The tender contract – 1 March 2014
[25] Ganellen claims that a contract was entered into when its tender was
accepted by New Core. New Core submits that any acceptance
was subject to
certain other works being included. Also it is the evidence of Mr Ahn that at
the relevant time the negotiation was
limited to price and was not concerned
with the terms or scope of work.
[26] By the written authority of New Core a Mr Marshall and a Mr Lee were
authorised to communicate on its behalf. Mr and Mrs
Ahn are Korean nationals
and their English language capabilities were limited.
[27] Mr Doig deposes that in about July 2013 Ganellen and New Core
entered into a memorandum of understanding to ensure good faith,
contact and
consultation and for the purpose of identifying respective obligations pre
contract. Later Mr Doig prepared a tender
proposal which was submitted to New
Core via Mr Marshall and Mr Lee on 28 February 2014 at 5:58pm.

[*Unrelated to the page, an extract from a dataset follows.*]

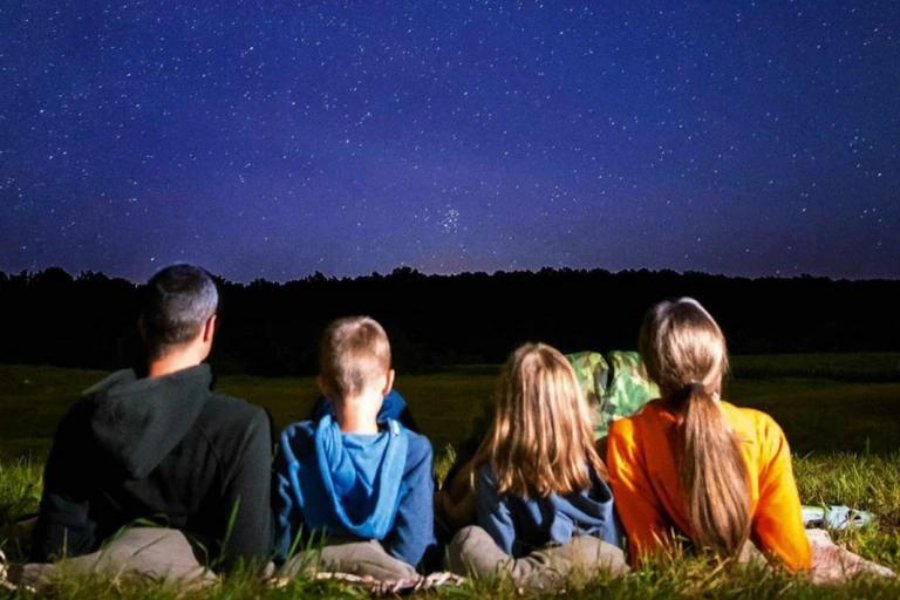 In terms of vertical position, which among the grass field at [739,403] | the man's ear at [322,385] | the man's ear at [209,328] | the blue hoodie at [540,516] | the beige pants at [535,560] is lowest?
the grass field at [739,403]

[28] It referred to a tender sum of $18,368,218 (excluding GST) and noted
the Contract was to be a modified version of 3910 before
modifications being
mutually agreed before entering into the Contract. Mr Doig says many of the
modifications had already been negotiated
beforehand.
[29] At 6:17pm 28 February Mr Lee emailed Mr Doig to say the Ahns wanted
to reduce that cost to an equivalent of $3,450 per m2.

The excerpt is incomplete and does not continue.